Getting API Keys from Open AI
OpenAI provides powerful AI models that we'll use for conversational AI. We'll create a new endpoint to Interact with the OpenAI API. By passing in the user's question and chat history, we can get back an answer from the model. This allows us to simulate a chat conversation with the AI. The code provided handles all the interactions with OpenAI and makes it easy to integrate into our chat application.
Running the Code and Chatting
Now it's time to run the code and start chatting with your favorite YouTuber! Clone the code from the GitHub repo provided and install the necessary dependencies. Update the environment variables with your API keys and Pinecone index name. Then, start the application by running the command. You can now access the chat window on localhost and input your questions to chat with the AI. It's as simple as that!
Deep Dive into the Code
Let's take a closer look at the code that makes all of this work. The project is built using the T3 stack, which consists of Next.js, Tailwind, TypeScript, and trpc. We have two backend routes: one for Pinecone and one for Langchain. Pinecone is used to interact with the vector database, while Langchain is used for conversational AI with OpenAI models. The code is well-documented and easy to follow, so feel free to explore and customize it to suit your needs.

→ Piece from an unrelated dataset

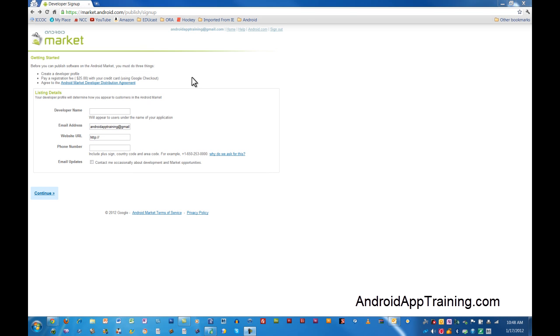Let's talk about how to open up your Android Market Publisher account. This is the account you're going to need in order to upload apps to the Android Market.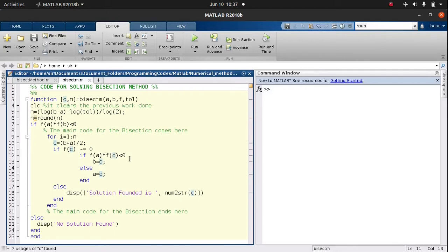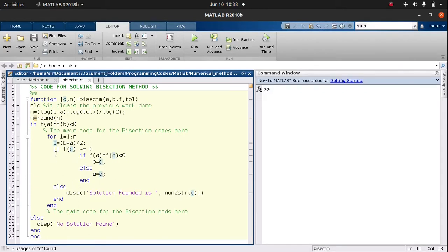If f(a) times f(C) is less than zero, we are confident the root lies within the interval a and C, so b is no longer needed — for computational purposes we assign C to b. If this condition fails, it means the root lies between b and C, so a is no longer needed and we assign C to a. We continue iterating until we reach the final iteration n.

Using Langchain for Conversational AI
Langchain is a powerful tool that enhances the capabilities of OpenAI models. It provides a wrapper around the OpenAI API and makes it easier to interact with the models. With Langchain, we can pass in the user's question and chat history to retrieve relevant answers from the model. The code provided handles all the interactions with Langchain and enables seamless conversational AI in our chat application.
Conclusion
Congratulations! You've learned how to start chatting with your favorite YouTube content creators using AI. By transcribing videos, setting up AI tools, and running the code provided, you can have engaging conversations with AI models. This opens up a whole new world of possibilities for interaction and learning. Give it a try and start chatting today!
Highlights:
- Learn how to chat with your favorite YouTube content creators for free
- Transcribe YouTube videos using AI tools like Assembly AI
- Set up Pinecone for vector database and OpenAI for conversational AI
- Run the code and start chatting with AI models
- Deep dive into the code and understand the technical details
- Enhance conversational AI with Langchain
- Start engaging conversations and learn from AI models
FAQ:
Q: How can I transcribe YouTube videos?
A: You can use AI tools like Assembly AI playground to easily transcribe YouTube videos. Simply paste the video link and follow the instructions.

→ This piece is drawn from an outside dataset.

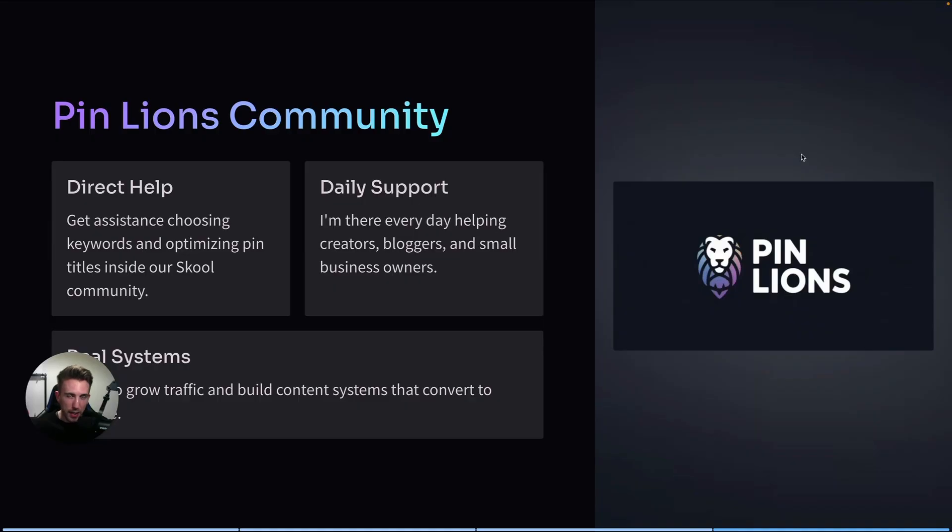So that's pretty much it guys, thanks for watching. Hopefully this video was helpful and if it was consider subscribing to this channel. See you next time.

Q: Can I use Pinecone for other applications?
A: Yes, Pinecone is a versatile vector database that can be used for various applications beyond chatbots. It allows you to convert text into vectors and store them for efficient retrieval.

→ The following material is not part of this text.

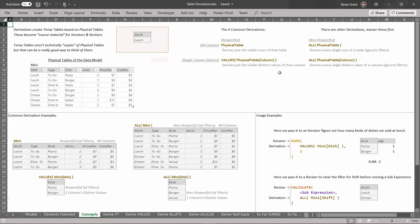That brings us to our last derivation. We can use the ALL function again, but instead of pointing it at the physical table, we point it at a column within that table. Rather than getting all of the columns, we just get all the distinct values of that one column. It's very similar to the VALUES derivation, except this version is non-respectful — it ignores the current filters. So if we do ALL of the dish column in the mini table, even though there's a filter for shift equals lunch, we get all the distinct values of dish. We look at both lunch and dinner rows, giving us pasta, burger, and salad — all three values, both visible and invisible.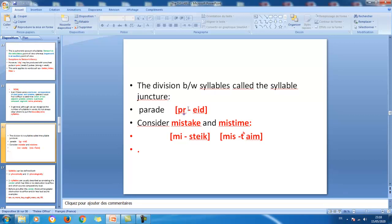Consider these two words: 'mistake' and 'mistime'. The word 'mistake' is divided as me-stake, because normally this sequence of sounds is possible at the beginning of an English word, as in 'stake'. In 'mistime', notice the aspirated T, because it's at the beginning — in the initial position of the syllable: mis-time.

Q: How can I enhance conversational AI with Langchain?
A: Langchain provides powerful capabilities to enhance conversational AI using OpenAI models. By passing in user questions and chat history, you can get more relevant answers from the models.
Q: Can I customize the code to suit my specific needs?
A: Certainly! The code provided is well-documented and easy to understand. Feel free to modify it to fit your requirements and experiment with different AI models and techniques.